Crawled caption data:
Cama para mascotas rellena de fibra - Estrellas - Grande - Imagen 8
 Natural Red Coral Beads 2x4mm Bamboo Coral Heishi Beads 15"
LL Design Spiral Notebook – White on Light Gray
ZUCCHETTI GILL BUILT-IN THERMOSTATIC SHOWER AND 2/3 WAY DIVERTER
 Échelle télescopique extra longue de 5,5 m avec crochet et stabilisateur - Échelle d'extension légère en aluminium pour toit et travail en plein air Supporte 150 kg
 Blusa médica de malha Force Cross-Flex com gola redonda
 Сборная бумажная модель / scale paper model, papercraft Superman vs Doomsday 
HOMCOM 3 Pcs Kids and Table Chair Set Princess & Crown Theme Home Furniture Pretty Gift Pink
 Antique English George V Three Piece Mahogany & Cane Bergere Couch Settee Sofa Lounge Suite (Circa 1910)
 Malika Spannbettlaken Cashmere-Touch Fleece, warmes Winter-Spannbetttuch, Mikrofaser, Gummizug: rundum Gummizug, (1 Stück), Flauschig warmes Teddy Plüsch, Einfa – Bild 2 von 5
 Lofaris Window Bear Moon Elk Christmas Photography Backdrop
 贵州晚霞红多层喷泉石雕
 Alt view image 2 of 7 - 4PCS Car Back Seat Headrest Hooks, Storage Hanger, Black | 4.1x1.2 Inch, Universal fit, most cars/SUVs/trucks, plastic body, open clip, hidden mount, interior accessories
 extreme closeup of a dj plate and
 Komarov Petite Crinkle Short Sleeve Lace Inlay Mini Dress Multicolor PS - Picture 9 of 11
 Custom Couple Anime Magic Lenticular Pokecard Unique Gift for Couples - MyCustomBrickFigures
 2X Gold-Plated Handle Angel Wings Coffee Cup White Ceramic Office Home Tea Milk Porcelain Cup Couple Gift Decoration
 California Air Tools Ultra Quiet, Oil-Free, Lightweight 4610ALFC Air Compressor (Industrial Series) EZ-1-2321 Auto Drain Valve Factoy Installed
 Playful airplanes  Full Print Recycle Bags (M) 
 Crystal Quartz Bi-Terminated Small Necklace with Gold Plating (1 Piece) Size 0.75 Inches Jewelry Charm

(YOUR INSTRUCTIONS) Produce an exact transcription of the lines from the one containing "Lofaris Window Bear" through the end of the records, both included, and no other lines.

(FINAL ANSWER)
 Lofaris Window Bear Moon Elk Christmas Photography Backdrop
 贵州晚霞红多层喷泉石雕
 Alt view image 2 of 7 - 4PCS Car Back Seat Headrest Hooks, Storage Hanger, Black | 4.1x1.2 Inch, Universal fit, most cars/SUVs/trucks, plastic body, open clip, hidden mount, interior accessories
 extreme closeup of a dj plate and
 Komarov Petite Crinkle Short Sleeve Lace Inlay Mini Dress Multicolor PS - Picture 9 of 11
 Custom Couple Anime Magic Lenticular Pokecard Unique Gift for Couples - MyCustomBrickFigures
 2X Gold-Plated Handle Angel Wings Coffee Cup White Ceramic Office Home Tea Milk Porcelain Cup Couple Gift Decoration
 California Air Tools Ultra Quiet, Oil-Free, Lightweight 4610ALFC Air Compressor (Industrial Series) EZ-1-2321 Auto Drain Valve Factoy Installed
 Playful airplanes  Full Print Recycle Bags (M) 
 Crystal Quartz Bi-Terminated Small Necklace with Gold Plating (1 Piece) Size 0.75 Inches Jewelry Charm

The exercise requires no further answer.